An indictment found against Darcy and the other northern leaders on 9 May at York says that they had conspired together in October, first to deprive the king of his royal dignity by disowning his title of Supreme Head of the Church of England, and secondly to compel him to hold a parliament; that they had afterwards committed diverse acts of rebellion; that after being pardoned they had corresponded with each other, and that Darcy and others had abetted Bigod's rebellion in January. On these charges he and his old friend, John Hussey, 1st Baron Hussey of Sleaford were arraigned at Westminster on 15 May before the Marquess of Exeter as Lord High Steward, and a number of their peers.

They were condemned to suffer the extreme penalty for treason, but the punishment actually inflicted upon them was decapitation, which Lord Hussey underwent at Lincoln, where he was conveyed on purpose to strike terror where the insurrection had begun. But Darcy was beheaded on Tower Hill on 30 June. His head was set up on London Bridge, and his body, according to one contemporary writer, was buried at Crutched Friars. But if so, it must have been removed afterwards; at least, if a tombstone inscription may be trusted, it lies with the bodies of other Darcys in the church of St Botolph's Aldgate.

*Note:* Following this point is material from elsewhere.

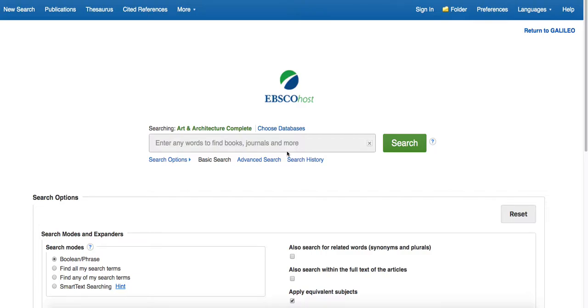When searching for scholarly work on an artist, the very best place to go in our library is Art and Architecture Complete. This is a database that has journals and magazines and book chapters that are focused on art.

Following his arrest and conviction in 1537, his lands and property were seized, and in 1539 he was posthumously attainted, the barony was forfeited and his knighthood degraded. During the reign of Edward VI, his eldest son, Sir George Darcy, was restored in blood, by an Act of Parliament, in 1548, to the dignity of Baron Darcy. Although he never regained any of his father's lands, the title of Lord Darcy of Aston descended to his male heirs until it became extinct for lack of issue in 1635.